Files
git.stella-ops.org/docs/modules/telemetry/guides/p0-metrics.md

8.1 KiB

P0 Product Metrics

Sprint: SPRINT_20260117_028_Telemetry_p0_metrics
Task: P0M-007 - Documentation

This document describes the four P0 (highest priority) product-level metrics for tracking Stella Ops operational health.

Overview

These metrics serve as the primary scoreboard for product health and should guide prioritization decisions. Per the AI Economics Moat advisory: "Prioritize work that improves them."

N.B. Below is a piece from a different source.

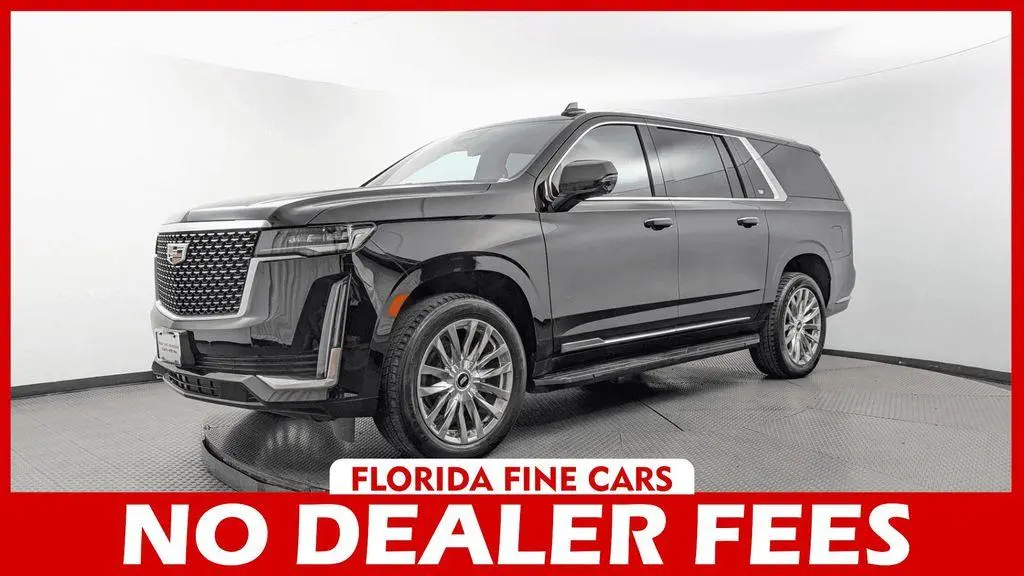 2022 Cadillac Escalade ESV Luxury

Metric Target Alert Threshold
Time to First Verified Release P90 < 4 hours P90 > 24 hours
Mean Time to Answer "Why Blocked" P90 < 5 minutes P90 > 1 hour
Support Minutes per Customer Trend toward 0 > 30 min/month
Determinism Regressions Zero Any policy-level

Metric 1: Time to First Verified Release

Name: stella_time_to_first_verified_release_seconds
Type: Histogram

Definition

Elapsed time from fresh install (first service startup) to first successful verified promotion (policy gate passed, evidence recorded).

Labels

Label Values Description
tenant (varies) Tenant identifier
deployment_type fresh, upgrade Type of installation

Histogram Buckets

5m, 15m, 30m, 1h, 2h, 4h, 8h, 24h, 48h, 168h (1 week)

Collection Points

  1. Install timestamp - Recorded on first Authority service startup
  2. First promotion - Recorded in Release Orchestrator on first verified promotion

Why This Matters

A short time-to-first-release indicates:

  • Good onboarding experience
  • Clear documentation
  • Sensible default configurations
  • Working integrations

Dashboard Usage

The Grafana dashboard shows:

  • Histogram heatmap of time distribution
  • P50/P90/P99 statistics
  • Trend over time

Alert Response

Warning (P90 > 4 hours):

  1. Review recent onboarding experiences
  2. Check for common configuration issues
  3. Review documentation clarity

Critical (P90 > 24 hours):

  1. Investigate blocked customers
  2. Check for integration failures
  3. Consider guided onboarding assistance

Metric 2: Mean Time to Answer "Why Blocked"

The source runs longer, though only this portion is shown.